Hanna Hanke: Das Kirchenasyl ist eine jahrhundertealte Schutztradition in der Kirche. Heute ist es eine Praxis, um im Einzelfall Menschen vor einer Abschiebung zu schützen, die Gefahr für Leib und Leben bedeutet.
Was sagen Sie zu dem Vorwurf, dass sich Kirche mit dem Kirchenasyl über das in Deutschland geltende Recht stellen würde?
Hanna Hanke: Kirchengemeinden stellen sich nicht über das Recht, sondern vor das Recht. Durch eine zeitlich befristete Aufnahme wird die Möglichkeit gegeben, die staatliche Entscheidung rechtlich neu zu prüfen. Damit setzen sich Kirchengemeinden für das grundgesetzlich verankerte Recht auf Schutz von Menschenwürde, Freiheit und körperlicher Unversehrtheit der Betroffenen ein.
Kirchenasyl ist aber auch eine Anfrage an die Politik, wie Menschenrechtsverletzungen und unzumutbare Härten für Geflüchtete verhindert werden können.
Was können unzumutbare Härten sein?
Hanna Hanke: Zum Beispiel die drohende Obdachlosigkeit in Italien, die Inhaftierung und drohende gewaltsame Übergriffe in Gefängnissen in Bulgarien oder drohende Kettenabschiebungen zum Beispiel von Familien mit kleinen Kindern über Norwegen nach Afghanistan.
In welchen Fällen gewährt die evangelische Kirche Asyl?
Hanna Hanke: Kirchengemeinden gewähren Kirchenasyl in unzumutbaren Härtefällen, wo Gefahr für Leib und Leben besteht oder Menschen- und Grundrechtsverletzungen drohen. Neben den bereits genannten Härten sind das beispielsweise eine drohende Familientrennung, ein kritischer Gesundheitszustand eines Menschen, drohende Folter oder Verfolgung. Ein wichtiges Kriterium ist auch eine rechtliche Perspektive nach Ende des Kirchenasyls. Ziel jedes Kirchenasyls ist es schließlich, dass die betreffenden Personen in ein reguläres aufenthaltsrechtliches Verfahren kommen. Nebenbei bemerkt sind das nicht allein die Kriterien der evangelischen Kirche. Auch katholische Gemeinden haben im Grunde den gleichen Argumentationsrahmen für Kirchenasyl.
Welche Voraussetzungen müssen noch erfüllt sein?
Hanna Hanke: Die Möglichkeiten der Kirchengemeinde, diese Verantwortung zu übernehmen.

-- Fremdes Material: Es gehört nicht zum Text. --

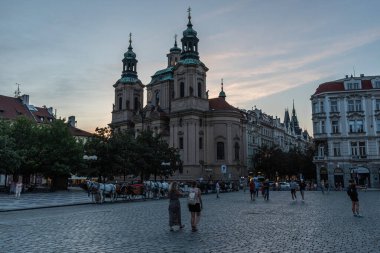Prag - Çek Cumhuriyeti - 08 01 01 2020 Saint Nicholas Kilisesi ve eski pazar meydanı alacakaranlıkta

Dazu zählen geeignete kirchliche Räumlichkeiten zur Unterbringung, Unterstützung in der Gemeinde und so weiter.
Die Kirchengemeinden entscheiden eigenständig, ob sie Kirchenasyl gewähren: Wer hilft ihnen bei Unsicherheiten?
Hanna Hanke: Kein Kirchenasyl wird leichtfertig entschieden, sondern es wird sorgfältig abgewogen. In der Nordkirche gibt es neben rechtlichen Beratungsstellen, Migrationsfachdiensten und der Flüchtlingspastorin der Nordkirche in jedem Kirchenkreis die Stelle der Flüchtlingsbeauftragten, die Kirchengemeinden beraten und informieren.
Zur Person: Hanna Hanke ist seit 2015 Flüchtlingsbeauftragte im Kirchenkreis Hamburg-West-Südholstein.